_EXERCISE OBJECTIVE:_
What you submit must be an exact copy of the listing below, with no images in it.

_DATA:_
----

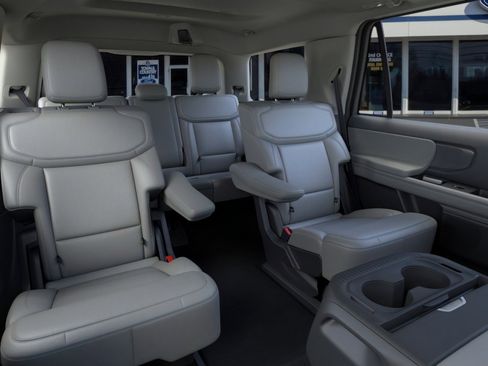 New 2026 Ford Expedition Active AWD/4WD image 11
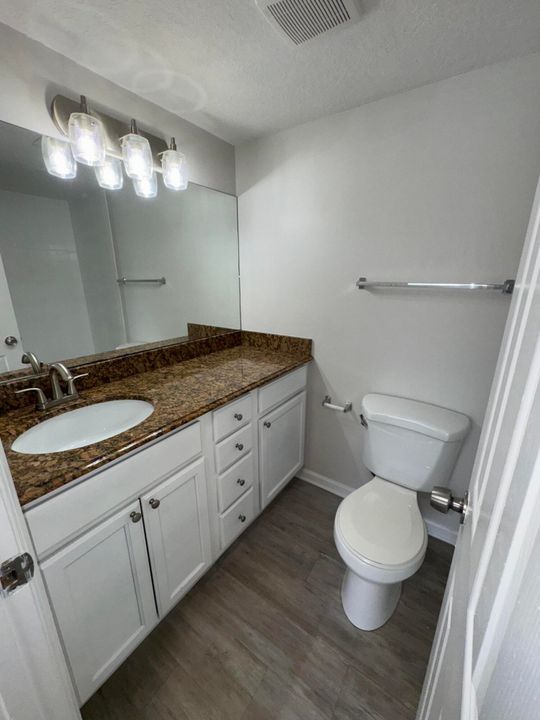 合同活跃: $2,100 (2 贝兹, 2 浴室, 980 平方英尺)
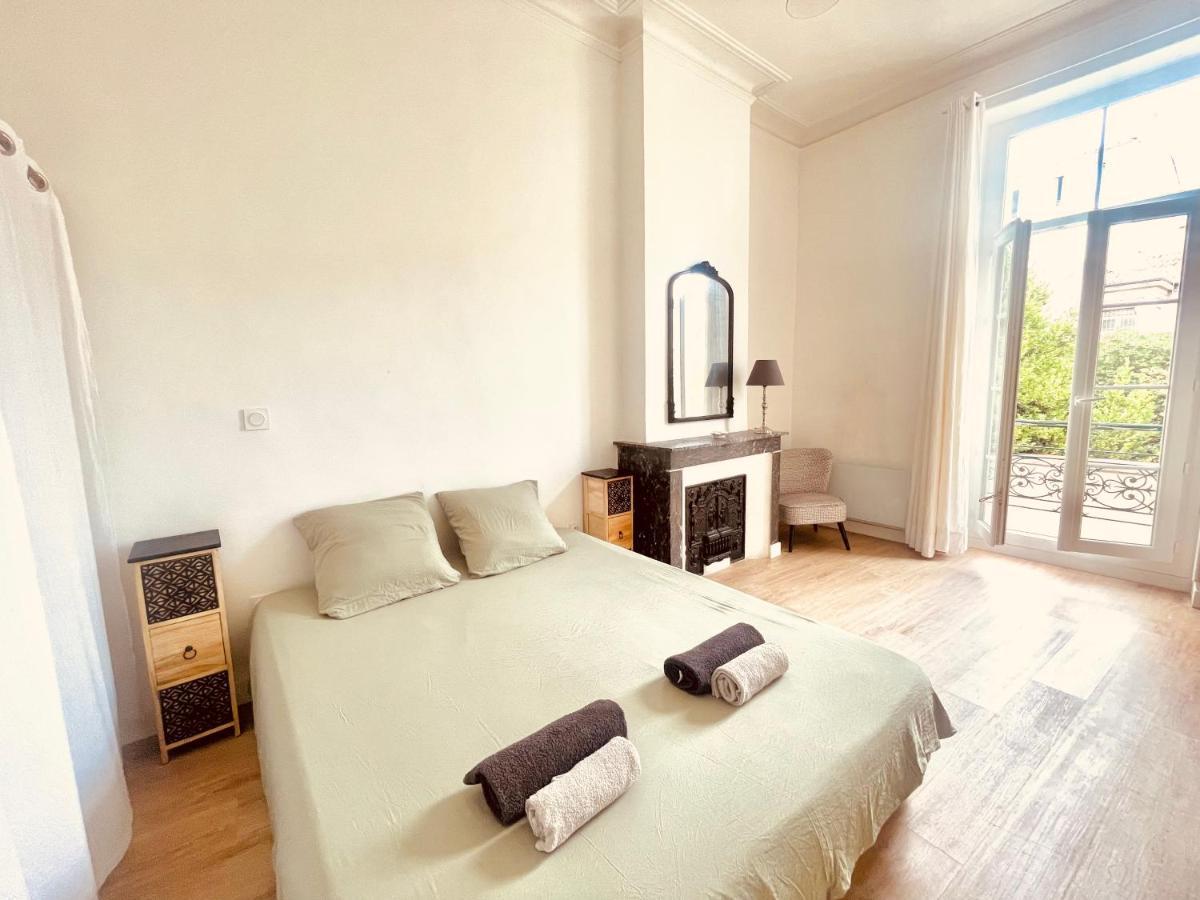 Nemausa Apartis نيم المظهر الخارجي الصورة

----

_WRITTEN ANSWER:_
 New 2026 Ford Expedition Active AWD/4WD image 11
 合同活跃: $2,100 (2 贝兹, 2 浴室, 980 平方英尺)
 Nemausa Apartis نيم المظهر الخارجي الصورة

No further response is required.